Vier Jahre später setzte 1972 der Mitarbeiter der Universität in Massachusettes Gregory Yob mit seinem "Hunt the Wumpus" den nächsten Meilenstein in der gerade beginnenden Historie der Adventures. Auch er ließ den Spieler durch ein Labyrinth von Höhlen laufen. Nur mit fünf Pfeilen in der Hand befand man sich auf der Suche nach dem Wumpus, einer Kreatur, die ebenfalls die Höhlen unsicher macht. Überall erfährt man Informationen über andere Höhlen und soll schließlich den Pfeil in jene Höhle werfen, in der sich Wumpus befindet.
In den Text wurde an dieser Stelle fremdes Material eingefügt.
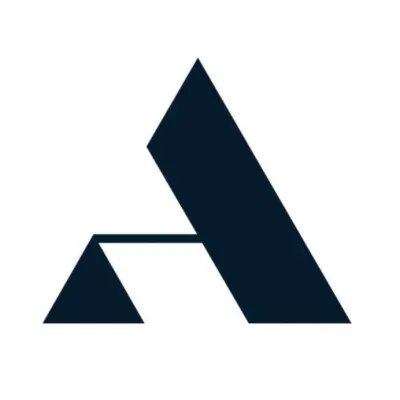 Autismisäätiö Sr - Autism Foun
Weitere zwei Jahre später entdeckte Don Woods 1976 das Spiel von William Crowther, brachte es auf den neuesten Stand der damaligen Technik und brachte es im Arpanet als "Colossal Cave" erneut heraus. Und jetzt setzte sich das junge Genre durch. Massenhaft luden sich Studenten, die über ihre Universitäten Anschluss an das Arpanet hatten das Spiel, das damals noch leicht auf eine Diskette passte herunter.
Zwei Studenten - Dave Lebling und Marc Blank ließen sich von diesem Genre besonders fesseln. Eines ihrer ersten Projekte trug einen Titel, der auch heute noch entscheidende Maßstäbe in diesem Genre setzt - Zork! Bereits 1977 entstand eine erste Vorabversion. Natürlich auch noch als Textadventure, doch viele Features sind bereits vorhanden. So das legendäre Untergrundreich mit dem furchtbaren Grue. Auch dieses Spiel wurde über das Arpanet weit verbreitet.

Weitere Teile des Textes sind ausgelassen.